O caminho filosófico é meio árduo. À medida que a gente descobre coisas novas, vê o que ninguém mais vê, e fica mais parecido com o louco e angariando menos amigos que um anacoreta.

Em nome de quê alguém dedicaria a esse tipo de situação a sua vida? O que se ganha com escrever e ninguém entender? Por que não optar pelo bom e velho demodée, e não falar o óbvio que todos tanto gostam? Por que não buscar o brilhareco e o aplauso fáceis? Por que pagar papel de chato? Por que não ser logo igual a todo mundo?

Não entrem nessa de filosofia, galera! E se vc já entrou, caríssimo capatázio, peça logo pra sair!

domingo, 13 de julho de 2008

A Psicanálise e a Árvore do Conhecimento

Uma das coisas mais estranhas que se pode fazer com a psicanálise hoje em dia é deslocá-la do seu ambiente de aplicação, o chamado setting analítico - a clínica -, para utilizá-la como teoria política ou sociológica.

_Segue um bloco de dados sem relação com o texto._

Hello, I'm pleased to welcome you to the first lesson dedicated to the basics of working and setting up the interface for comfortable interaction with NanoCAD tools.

Passamos da clínica para a análise política.

Mas isso é psicanálise ou análise política?

E nessa quase imperceptível modulação instala-se toda a indústria pseudocultural de Slavoj Zizek & Cia. Venda massiva de livrinhos, artigos de jornal, programas de televisão, conferências de caráter científico etc. Uma picaretagem das mais baixas que eu já vi por aí.

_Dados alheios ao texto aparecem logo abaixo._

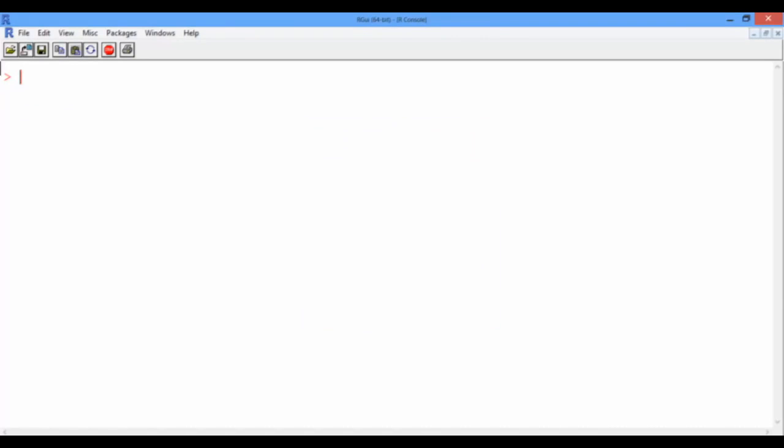Nothing has happened in R until now except changing the working directory. To double check that we are in the right working directory, we can type GetWD, which stands for GetWorkingDirectory, and then R gives us the path to the folder we just selected. Now we should be ready to read in our data set.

É certo que Freud fez isso (não picaretagem, mas ingenuamente), em Mal-Estar na Civilização, ou Futuro de uma Ilusão, ou em Totem e Tabu. Mas... Convenhamos que nosso vitoriano Pai da Psicanálise estava muitíssimo interessado em comprovar a cientificidade & utilidade pública da psicanálise. Freud era bom de marketing, mas porque era uma espécie de Forrest Gump (uma vez um psiquiatra retardado ficou puto comigo quando eu disse isso.)

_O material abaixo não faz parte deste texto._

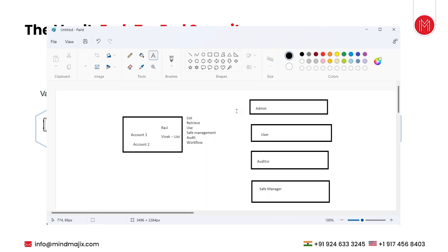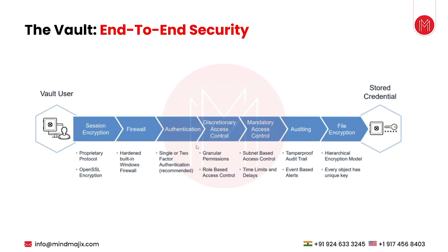If you are the vault admin, you can log into the vault, log into the private client, and do vault administrator activities on the PVWA and other interfaces. If you are the auditor, you have session recording and monitoring tab permissions. If you are the safe manager, you have different permissions. This is essentially what role-based access control means.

Outra coisa completamente diferente, mas muito diferente, é a atitude de Deleuze e Guattari (D&G) - não confundir com Dolce & Gabbana: saber que psicopatologia é política, que o delírio é histórico-mundial.

Veja a profundidade da coisa em Wittgenstein:

"Deixar-se psicanalisar é de algum modo semelhante a comer da árvore do conhecimento. O conhecimento que se adquire com isso, nos coloca (novos) problemas éticos; mas em nada contribui para a sua solução" (Cultura e Valor, p. 40).

É fácil saber isso: a solução de um problema aritmético, uma equação, por exemplo, não gera novos problemas aritméticos; mas a solução de um problema social gera, muitas vezes, outros problemas sociais.

Em psicanálise problemas se dissolvem, não se solucionam.

sábado, 12 de julho de 2008

Modificar a Vontade


Veja aqui ao lado um pedaço da página 112 (verso) do MS 112 (Manuscrito 112). Este trecho também foi publicado em "Cultura e Valor". Na minha edição (Blackwell, atualizada em 1998), está na página 25. Você pode clicar na imagem e ler o trecho mais de perto.

Em 1931 a letra de Wittgenstein ainda não era tão bem desenhada quanto ficou depois da década de 40. Mas lê-se o seguinte (tirando a variação entre colchetes que, se alguém solicitar, posso traduzir depois):

"Quem hoje ensina filosofia, dá ao outro alimentos, não porque eles são do seu gosto, mas para mudar o seu gosto."

Eis um prato cheio pra galera que gosta de filosofia da educação.